To truly unlock private finance, we need to support reforms and policies that can catalyze low-carbon, sustainable investment and move markets in a climate-oriented direction. This includes targeted pro-climate reforms such as green taxonomies, carbon taxation, energy efficiency standards, and cost reflective tariffs. It also includes broader reforms such as regulatory certainty or the introduction of conducive public-private partnership (PPP) frameworks.
To truly unlock private finance, we need to support reforms and policies that can catalyze low-carbon, sustainable investment and move markets in a climate-oriented direction.
Green taxonomies have been particularly powerful.
By clearly defining “green” or sustainable investments, they are creating a new asset class drawing in institutional investors. With their clear, measurable criteria, taxonomies bring consistency and transparency to financial markets, enabling investors to confidently allocate capital to climate-friendly projects.
The impact of green taxonomies extends beyond clarity—they also reduce the risk of “greenwashing,” ensuring funds flow to projects that genuinely advance environmental and social goals. And they make it easier for institutional investors, like pension funds and sovereign wealth funds, to incorporate sustainability into their portfolios.
Innovative Financing Instruments: Unlocking Scale through Capital Markets
Thematic bonds increasingly offer another excellent tool to mobilize large-scale climate finance. Ranging from green bonds to blue, and sustainability-linked bonds, they offer investors an opportunity to align their capital with specific environmental and social outcomes, all while delivering competitive financial returns. The market size for thematic bonds reached an impressive $760 billion across forty-five countries which are part of the Sustainable Banking and Financing Network in 2023.
Their success lies in their ability to directly connect financial flows to specific outcomes. These bonds offer transparency to investors by ensuring proceeds are used exclusively for projects aligned with their themes. This targeted approach not only attracts traditional investors but also engages a new wave of capital from impact-driven funds, institutional investors, and retail markets. IFC was one of the earliest issuers of green bonds and has been driving innovation in the market to unlock investment. As of June 2024, there were more than $5.1 trillion outstanding bonds in the sustainable debt capital markets.
As of June 2024, there were more than $5.1 trillion outstanding bonds in the sustainable debt capital markets.
Thematic bonds have also served as catalysts for innovation in finance. Their growth has inspired new instruments such as biodiversity bonds, focusing on ecosystem conservation. Such innovations have broadened their scope, enabling them to address a wider range of global challenges.
Partnerships That Make It Work
Climate-friendly projects need to be perceived as bankable to ensure capital flows towards them. Right now, their return profile is not commensurate with the risks investors face, especially in emerging markets.

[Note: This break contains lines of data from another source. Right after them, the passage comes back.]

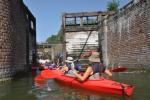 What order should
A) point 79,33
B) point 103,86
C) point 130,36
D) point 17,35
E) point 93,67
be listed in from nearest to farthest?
1. point 103,86
2. point 93,67
3. point 17,35
4. point 130,36
5. point 79,33

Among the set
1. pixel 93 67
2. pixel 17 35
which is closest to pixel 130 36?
pixel 17 35

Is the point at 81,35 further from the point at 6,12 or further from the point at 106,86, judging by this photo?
the point at 106,86

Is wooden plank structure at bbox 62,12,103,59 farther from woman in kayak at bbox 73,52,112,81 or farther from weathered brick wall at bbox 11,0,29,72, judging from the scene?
woman in kayak at bbox 73,52,112,81

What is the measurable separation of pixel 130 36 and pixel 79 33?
29.9ft

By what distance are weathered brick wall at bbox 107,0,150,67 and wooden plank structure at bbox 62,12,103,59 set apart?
2.69 metres

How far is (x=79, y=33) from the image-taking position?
34.3 m

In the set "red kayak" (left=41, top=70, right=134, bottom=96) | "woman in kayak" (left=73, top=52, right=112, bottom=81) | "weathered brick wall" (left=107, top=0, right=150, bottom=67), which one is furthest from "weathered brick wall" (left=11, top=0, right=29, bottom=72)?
"woman in kayak" (left=73, top=52, right=112, bottom=81)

Concessional capital, or blended finance—in the form of grants, guarantees, and debt or equity at below-market rates of returns—is one of the most powerful mechanisms to mitigate this.
For every dollar of concessional capital, IFC, for example, has mobilized $8 in private sector investment, achieving a significant “crowding-in” effect. This ensures limited public funds are used to leverage vast amounts of private capital, maximizing the impact of every investment.
Concessional equity capital, which can absorb first loss risk, holds the promise of being truly catalytic in helping companies and funds attract capital at a much larger scale from commercial investors.
Looking into 2050
The road ahead will not be easy. Policy inertia and technological barriers could slow down progress. But taking deliberate action today, coupled with innovative financing solutions and strong partnerships, can help drive us forward and make that livable planet of 2050 a reality, rather than an impossible dream.